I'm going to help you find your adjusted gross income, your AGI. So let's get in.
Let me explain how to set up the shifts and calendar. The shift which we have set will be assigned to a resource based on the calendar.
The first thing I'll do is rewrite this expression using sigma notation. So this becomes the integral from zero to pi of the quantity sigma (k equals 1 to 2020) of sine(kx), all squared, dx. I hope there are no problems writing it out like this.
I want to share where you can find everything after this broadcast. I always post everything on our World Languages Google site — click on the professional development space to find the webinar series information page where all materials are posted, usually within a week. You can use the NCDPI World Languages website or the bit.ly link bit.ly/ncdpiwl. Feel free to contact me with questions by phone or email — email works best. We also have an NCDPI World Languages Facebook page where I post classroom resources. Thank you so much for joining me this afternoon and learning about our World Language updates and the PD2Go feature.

--

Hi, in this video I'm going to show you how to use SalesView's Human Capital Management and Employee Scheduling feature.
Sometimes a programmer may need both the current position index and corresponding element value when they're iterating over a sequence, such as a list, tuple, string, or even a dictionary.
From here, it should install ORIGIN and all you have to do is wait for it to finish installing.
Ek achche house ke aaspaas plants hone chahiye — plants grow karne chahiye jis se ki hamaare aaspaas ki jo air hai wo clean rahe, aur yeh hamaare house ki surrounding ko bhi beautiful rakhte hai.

--

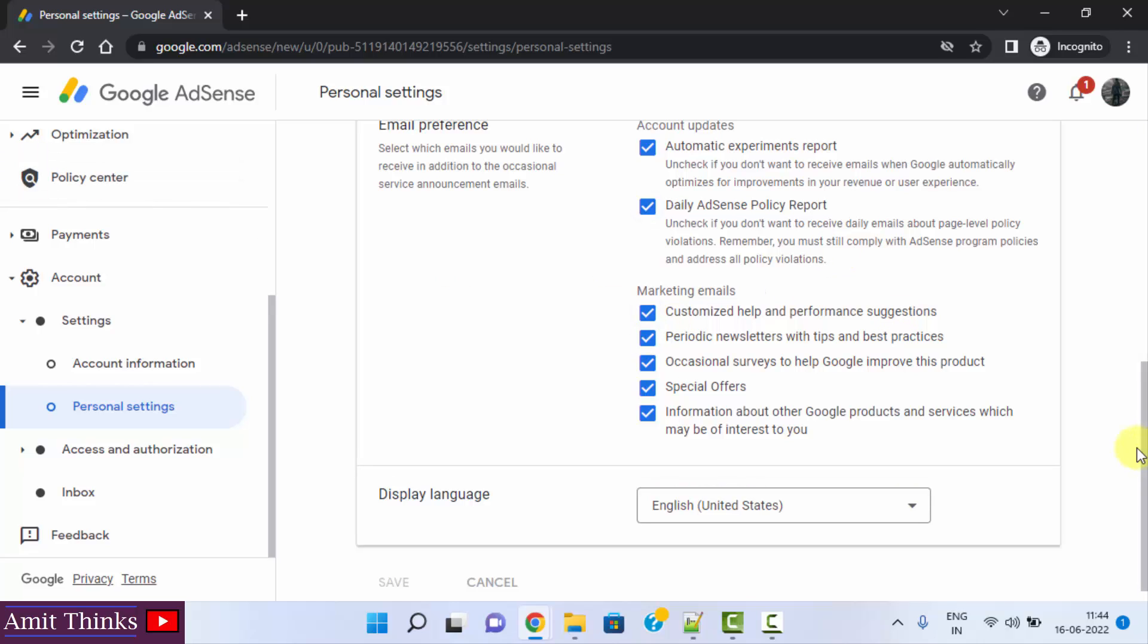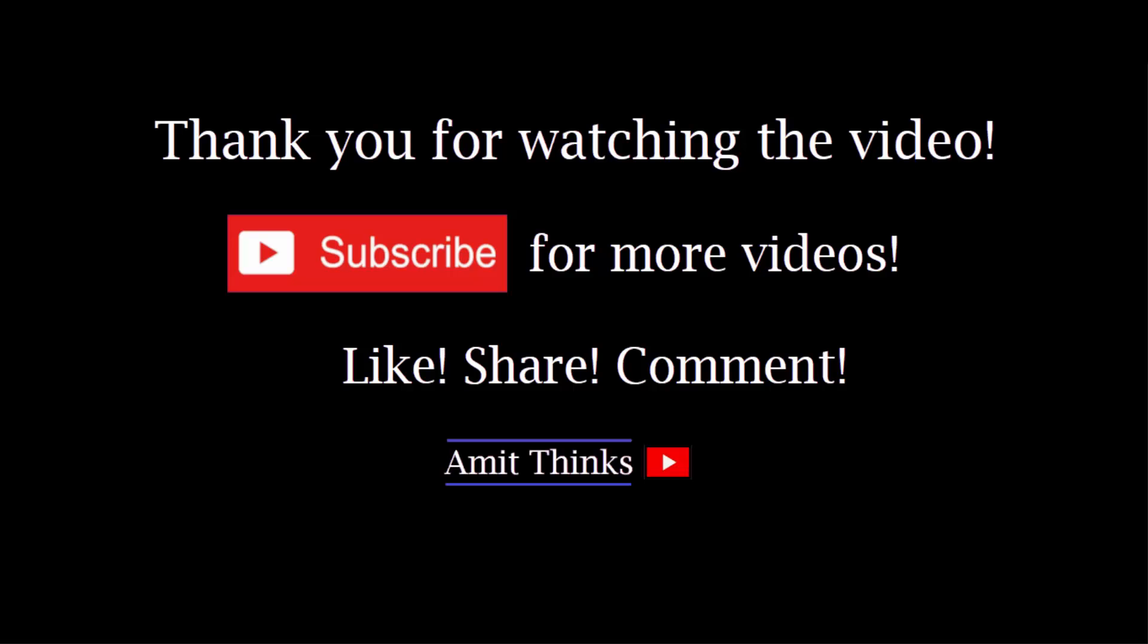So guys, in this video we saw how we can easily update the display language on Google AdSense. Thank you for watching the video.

What is required: Copy out each line of the data above, exactly, if it lies between the line holding "Hi, in this" and the line holding "Sometimes a programmer", inclusive; copy no other line.

Solution:
Hi, in this video I'm going to show you how to use SalesView's Human Capital Management and Employee Scheduling feature.
Sometimes a programmer may need both the current position index and corresponding element value when they're iterating over a sequence, such as a list, tuple, string, or even a dictionary.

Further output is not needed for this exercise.